Aziz Akhannouch devient un candidat privilégié pour le poste de Premier ministre.
Ministre de l’Agriculture depuis octobre 2007, il a mis en œuvre le plan “Maroc Vert” lancé en 2008 par Mohamed VI. Faisant de l’agriculture une priorité nationale, ce plan affiche de véritables succès avec notamment une augmentation nette du PIB agricole (de 65 milliards en 2008 à 125 milliards de dirhams en 2018), une forte hausse des exportations agricoles (2,4 fois) et 2 milliards de m3 d’eau d’irrigation économisés et valorisés annuellement – ce qui se retrouve dans la croissance du PIB qui est passée de 7% (1998-2008) à 17% (2008-2018).

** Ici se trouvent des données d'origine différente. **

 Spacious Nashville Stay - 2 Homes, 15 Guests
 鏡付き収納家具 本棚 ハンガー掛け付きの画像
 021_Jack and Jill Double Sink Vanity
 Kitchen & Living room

Devant ces réussites et face aux enjeux du réchauffement climatique, le roi lui a confié également en février 2020 la stratégie de développement agricole du royaume jusqu’en 2030 avec le plan “Génération Green”, un nouveau programme clé pour l’avenir du pays. Les enjeux sont d’importance, car le Maroc, qui a subi de plein fouet la crise du Covid, malgré une bonne gestion sanitaire, vient de lancer un grand chantier de réformes économiques et sociales, avec l’ambition de devenir un pays émergent d’ici à 2030. Parmi les priorités fixées figurent l’éducation, la santé, la réduction des inégalités ou la lutte contre l’économie de rente.

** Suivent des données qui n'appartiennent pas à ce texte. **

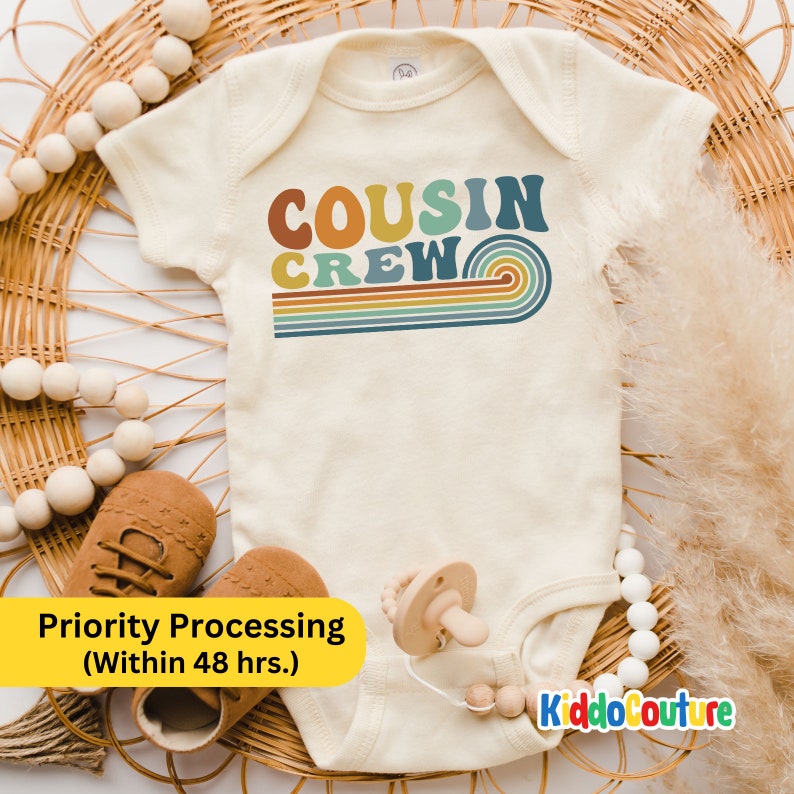 Cousin Crew Onesie®, grenouillère naturelle cousine rétro, cadeau pour cousine body bébé, body bébé cousine crew, cadeau cousin crew grenouillère®, image 1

Le 8 septembre, 18 millions d’électeurs marocains pourront faire leur choix. Le jeu politique marocain peut relever de nombreuses surprises. Les partis traditionnels (le PJD, le PAM ou le parti de l’Istiqlal) sont loin d’avoir dit leur dernier mot. Et dans toutes les hypothèses, le mode de scrutin à la proportionnelle implique un gouvernement de coalition.